• YOUR ASSIGNMENT: Print out all of the records exactly; no picture belongs in the result.

==*==

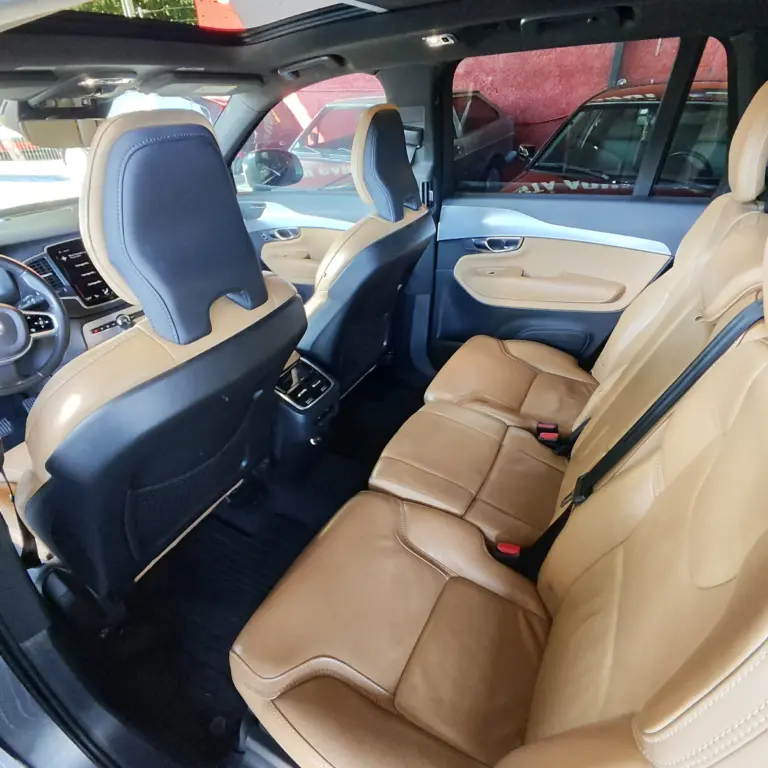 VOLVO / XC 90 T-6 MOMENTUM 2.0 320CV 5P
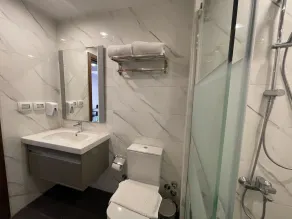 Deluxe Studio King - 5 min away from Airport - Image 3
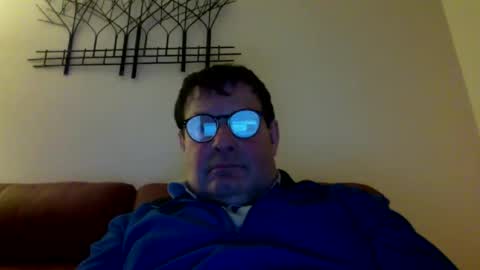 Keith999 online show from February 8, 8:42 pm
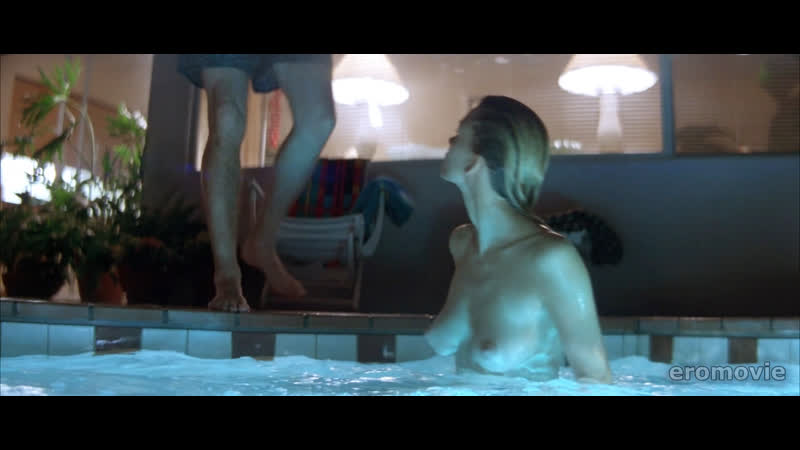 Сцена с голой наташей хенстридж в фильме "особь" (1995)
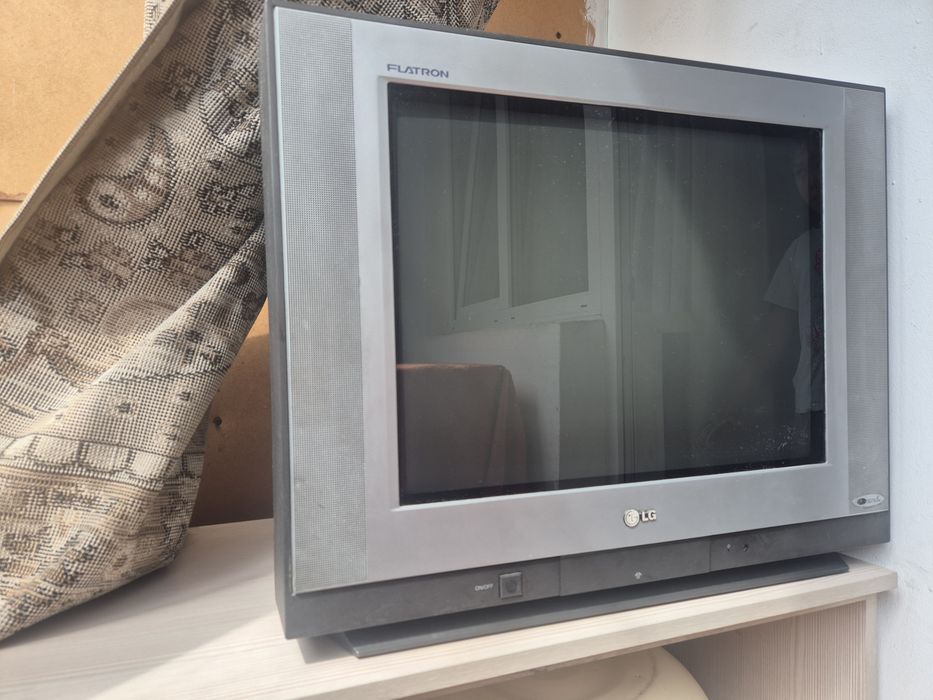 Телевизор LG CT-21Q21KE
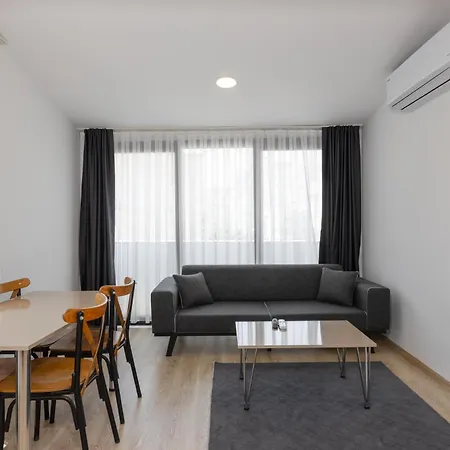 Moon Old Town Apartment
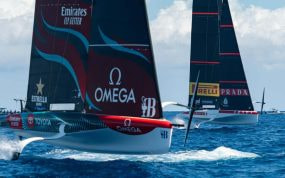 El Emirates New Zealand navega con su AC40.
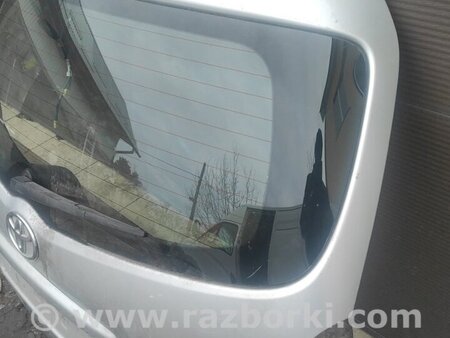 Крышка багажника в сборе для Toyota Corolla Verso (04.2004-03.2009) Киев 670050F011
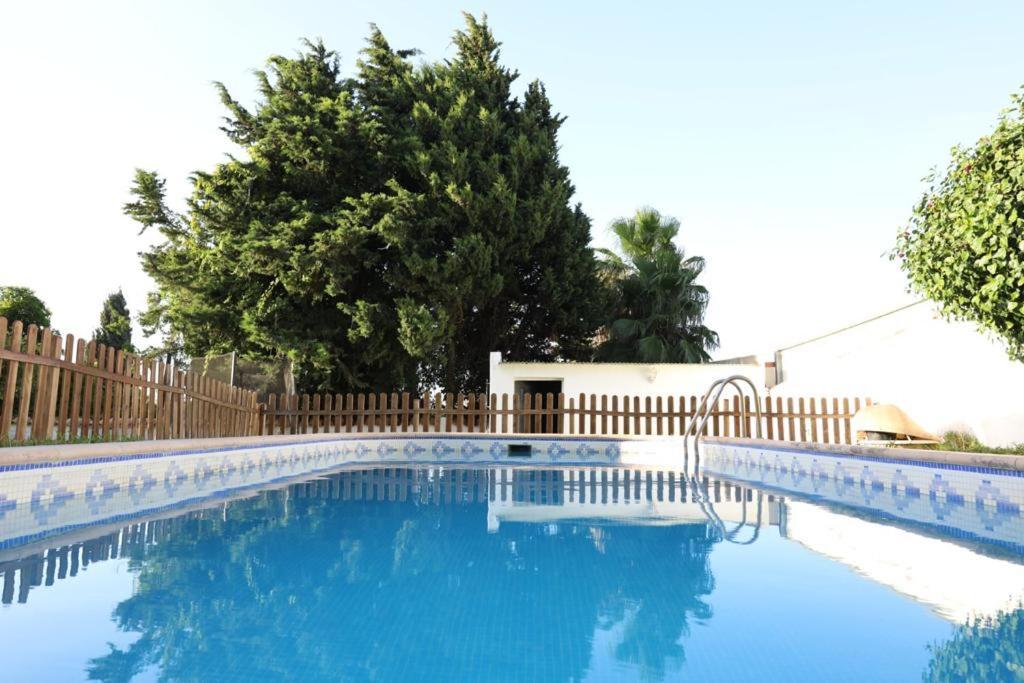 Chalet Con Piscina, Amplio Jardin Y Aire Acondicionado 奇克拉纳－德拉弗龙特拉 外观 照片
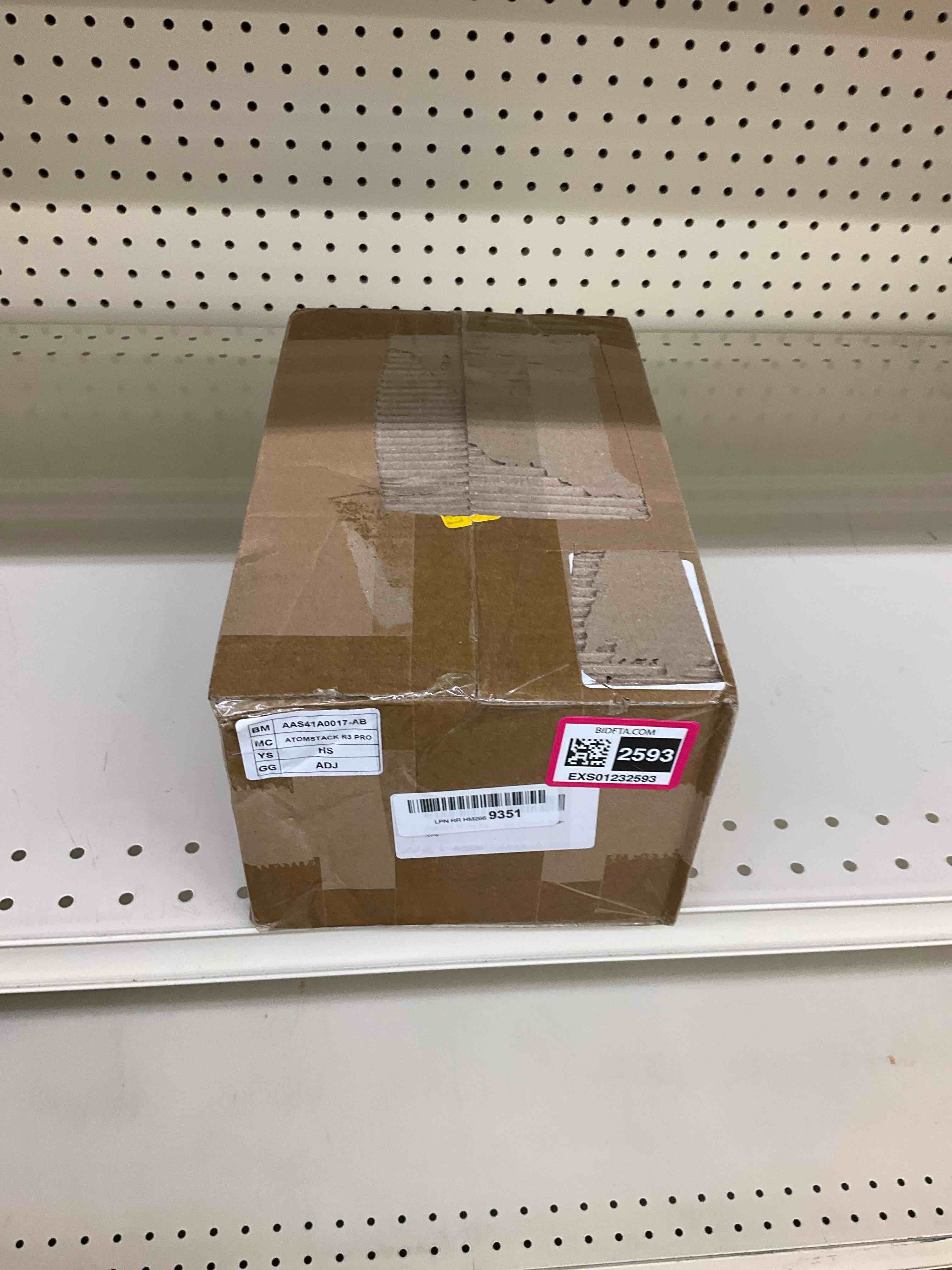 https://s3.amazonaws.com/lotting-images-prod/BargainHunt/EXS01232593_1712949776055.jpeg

==*==

• OUTPUT OF THE TASK:
 VOLVO / XC 90 T-6 MOMENTUM 2.0 320CV 5P
 Deluxe Studio King - 5 min away from Airport - Image 3
 Keith999 online show from February 8, 8:42 pm
 Сцена с голой наташей хенстридж в фильме "особь" (1995)
 Телевизор LG CT-21Q21KE
 Moon Old Town Apartment
 El Emirates New Zealand navega con su AC40.
 Крышка багажника в сборе для Toyota Corolla Verso (04.2004-03.2009) Киев 670050F011
 Chalet Con Piscina, Amplio Jardin Y Aire Acondicionado 奇克拉纳－德拉弗龙特拉 外观 照片
 https://s3.amazonaws.com/lotting-images-prod/BargainHunt/EXS01232593_1712949776055.jpeg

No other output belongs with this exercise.